Print only what runs from the line that includes "Toyota ALPHARD 2021-03 8827680-6" to the end of the listing, word for word, and do not include any pictures.

Available data =
=====
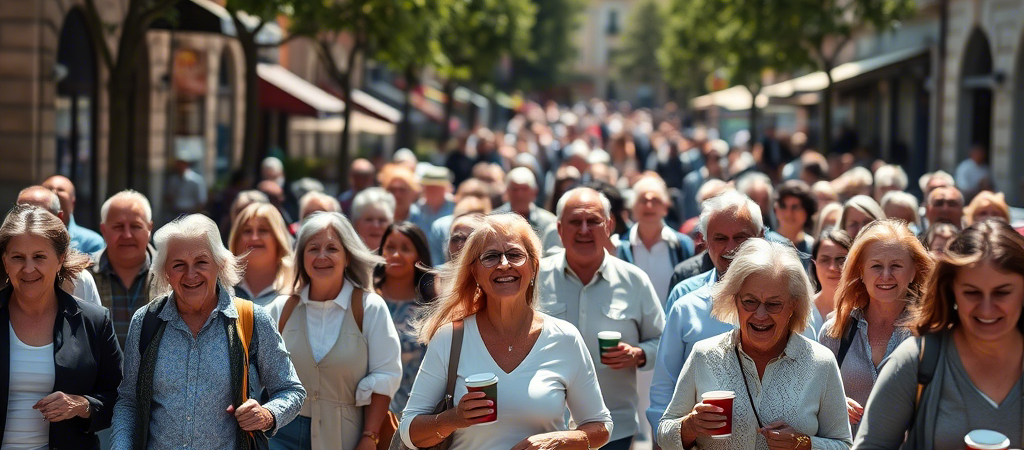 Unsere zufriedenen Kunden Unsere zufriedenen Kunden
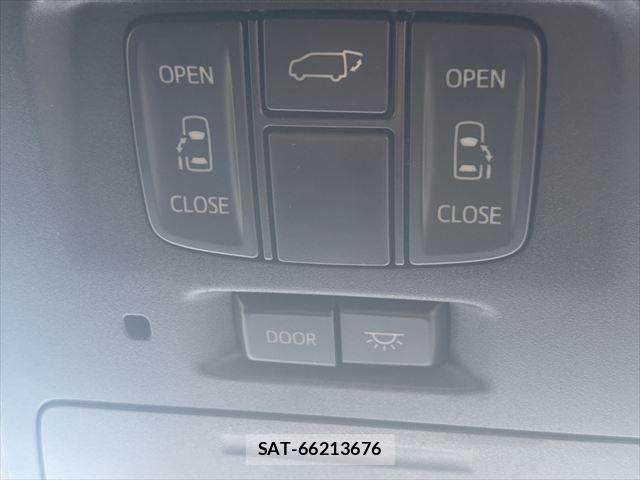 Toyota ALPHARD 2021-03 8827680-6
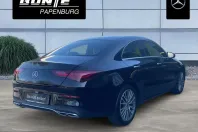 Mercedes-Benz CLA 180 (Clasa CLA) din 2024 cu 43.456 km - oferta MER225980 - foto 6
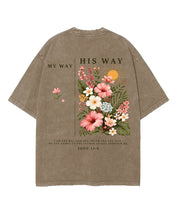 https://jollybell-1326511750.cos.accelerate.myqcloud.com/0/af1c45f7fe2e41db90c4b9d80fcd8765.png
=====
Solution for this task =
 Toyota ALPHARD 2021-03 8827680-6
 Mercedes-Benz CLA 180 (Clasa CLA) din 2024 cu 43.456 km - oferta MER225980 - foto 6
 https://jollybell-1326511750.cos.accelerate.myqcloud.com/0/af1c45f7fe2e41db90c4b9d80fcd8765.png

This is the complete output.